**Data extract**.
= = = = = = =
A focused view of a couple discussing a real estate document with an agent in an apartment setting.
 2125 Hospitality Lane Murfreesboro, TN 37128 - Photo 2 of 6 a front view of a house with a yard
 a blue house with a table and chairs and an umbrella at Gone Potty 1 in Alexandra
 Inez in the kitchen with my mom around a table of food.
= = = = = = =
**What the task asks**. Show every line of the data in which the word "view" appears.

**Response to this task**.
A focused view of a couple discussing a real estate document with an agent in an apartment setting.
 2125 Hospitality Lane Murfreesboro, TN 37128 - Photo 2 of 6 a front view of a house with a yard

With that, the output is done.